On the noise front, it's got more tyre noise than my old mk2 FWD TFSI - but it's on 19s rather than 18s, so I'm not surprised about that.

Can still hear the exhaust / engine over tyre noise on motorway when throttle opened. But there seems much less wind noise roof up, so swings and roundabouts really. Can't comment on other makes.


----------



## Critter10 (Nov 4, 2010)

Tyre noise is as much about the make of tyre as anything else. I've recently switched my Dunlop 18" winter tyres/wheels back to the supplied 19" wheels with Bridgestone tyres. The 18" Dunlops were way more noisy than the 19" Bridgestones. On my Mk2 TTS I had Pirelli P zero's which were horrendously noisy - switched to Michelin Pilot Sports and boy what a difference.


----------



## cheechy (Nov 8, 2006)

I find the 19" hankooks quite noisy truth me told.

I switched over from my 18" vredestein wintracs last week and noise went up quite a bit.

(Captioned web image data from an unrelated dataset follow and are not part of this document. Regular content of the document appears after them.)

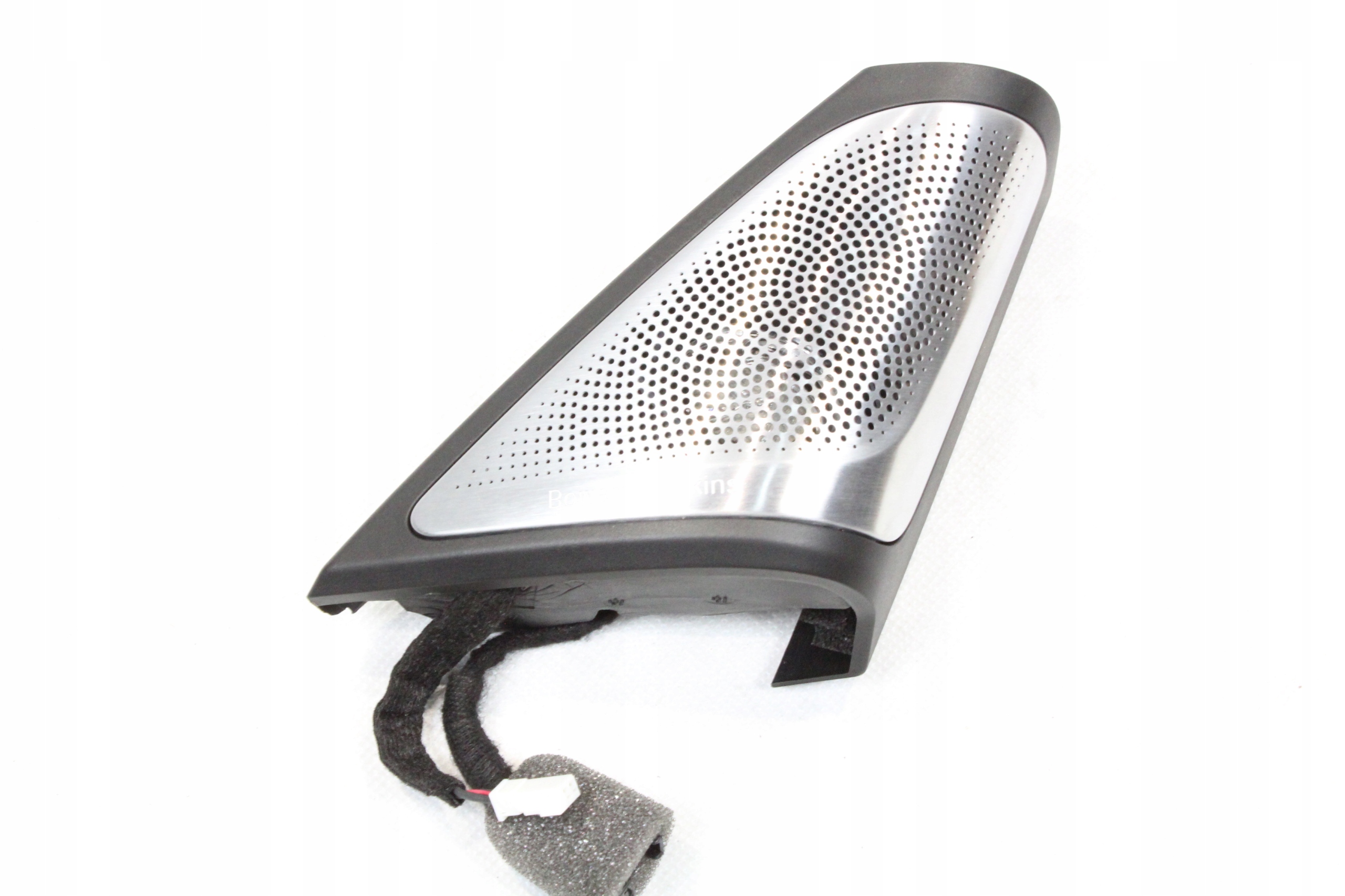 6820762 9350327 - Трикутник правий динамік BOWERS WILKINS BMW G11 G12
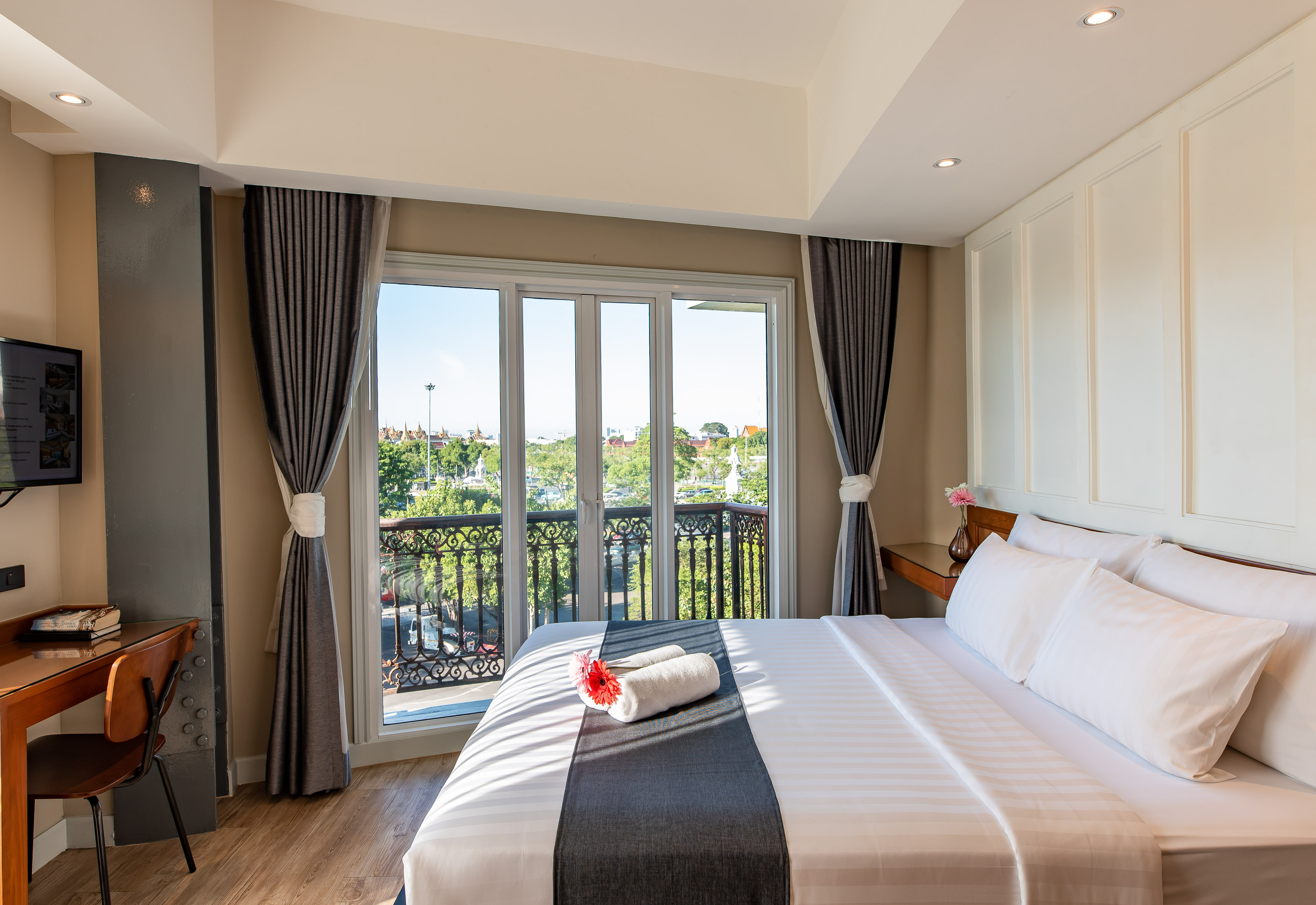 Suite Deluxe King Bed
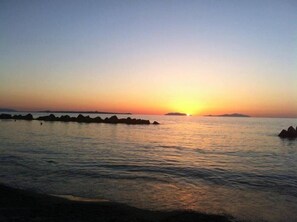 vista del tramonto tra le Isole Eolie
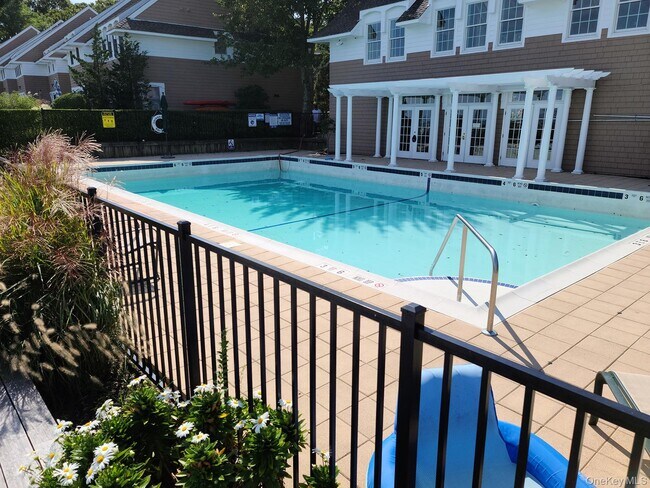 Building Photo - 62 Canoe Place Rd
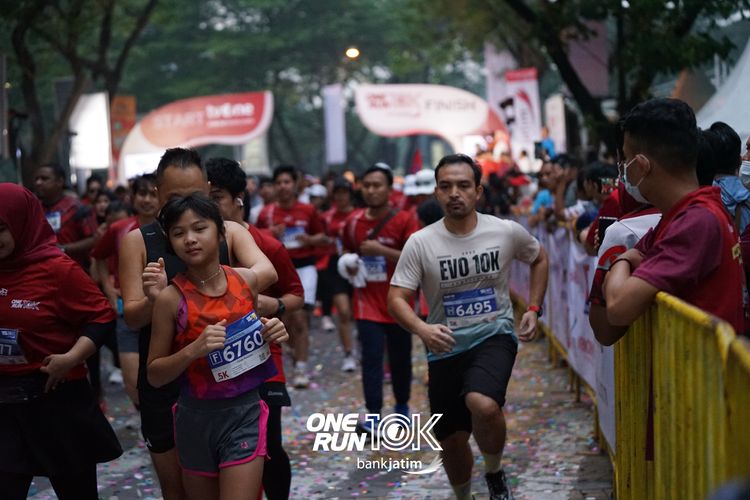 Race photo from ONE RUN 10 K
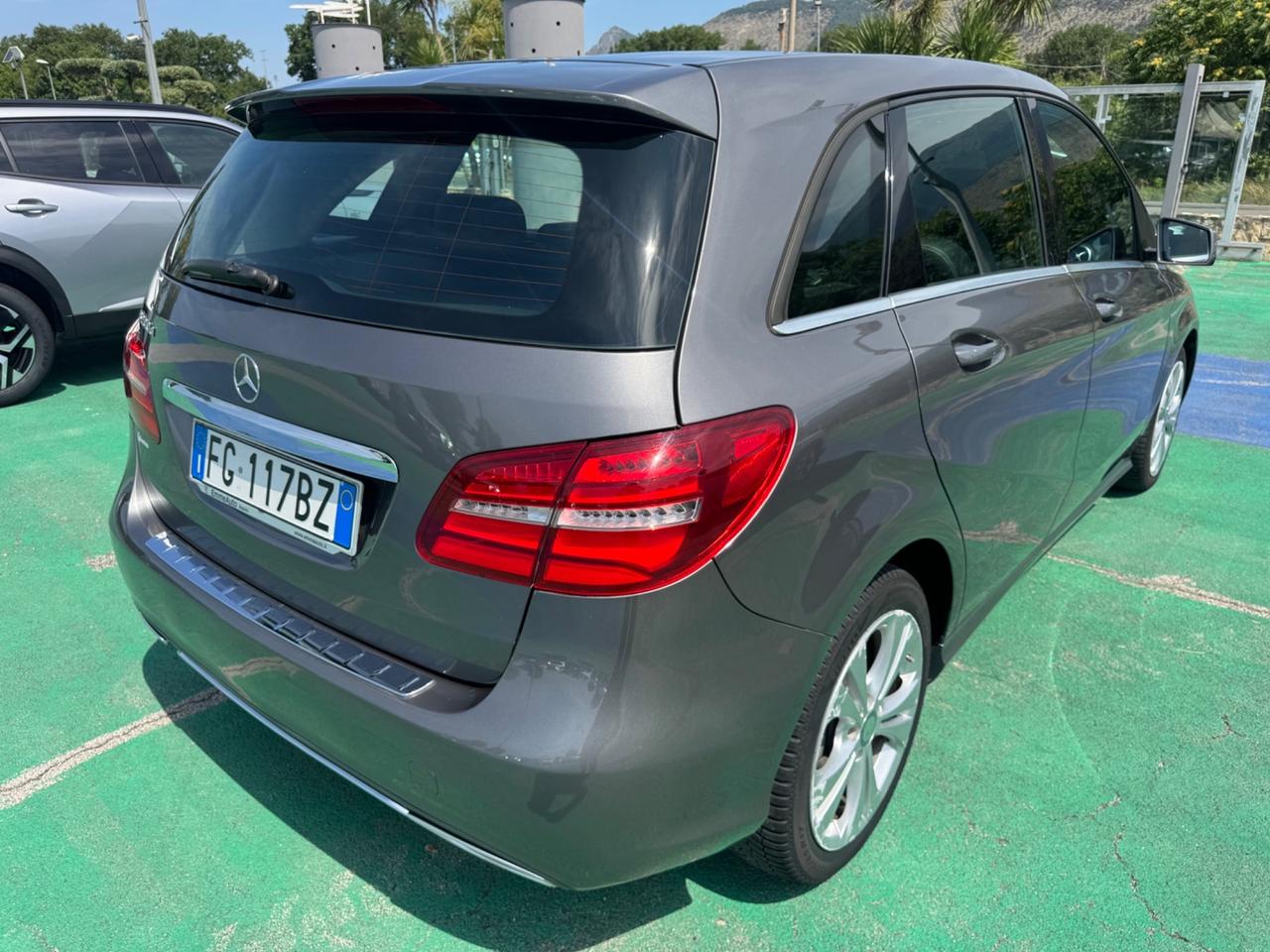 Mercedes-benz B 200 d Automatic Premium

Def the tyres - pilot sports next for me for sure


----------



## johnny_hungus (Jun 14, 2009)

cheechy said:


> I find the 19" hankooks quite noisy truth me told.
> 
> I switched over from my 18" vredestein wintracs last week and noise went up quite a bit.
> 
> Def the tyres - pilot sports next for me for sure


Agree with this, the Hankooks are bloody noisy, it was the very first thing I noticed when I first got my Mk3


----------



## Piker Mark (Nov 16, 2011)

johnny_hungus said:


> cheechy said:
> 
> 
> > I find the 19" hankooks quite noisy truth me told.
> ...


Ditto all of the above - Hankooks on my TTS are pretty bad noise wise - in fact, coming down the A16 earlier today I had to turn the radio up just to cover the racket they were making - admittedly that particular road surface across the fens is pretty awful in any car. I'll be swapping to Michelins when it is time to change them.

As to the Dashboard and no middle screen - as a driver, I think it's great. I hated the pop up screen in my S3, very distracting. The passenger? Who cares about them. lol. Joking aside, the co pilot or the Mrs, take your pick - they can see it just as well as me - but there's less interference coming from that side of the car with the TT's set up. Gotta be a good thing, right!? lol.


----------



## GrantTTS (Mar 18, 2016)

Killing the soundaktor makes a huge difference to the cabin noise.


----------



## moro anis (May 27, 2010)

Re tyres, I've got Yokohamas on 20" on my Roadster and the car is whisper quiet.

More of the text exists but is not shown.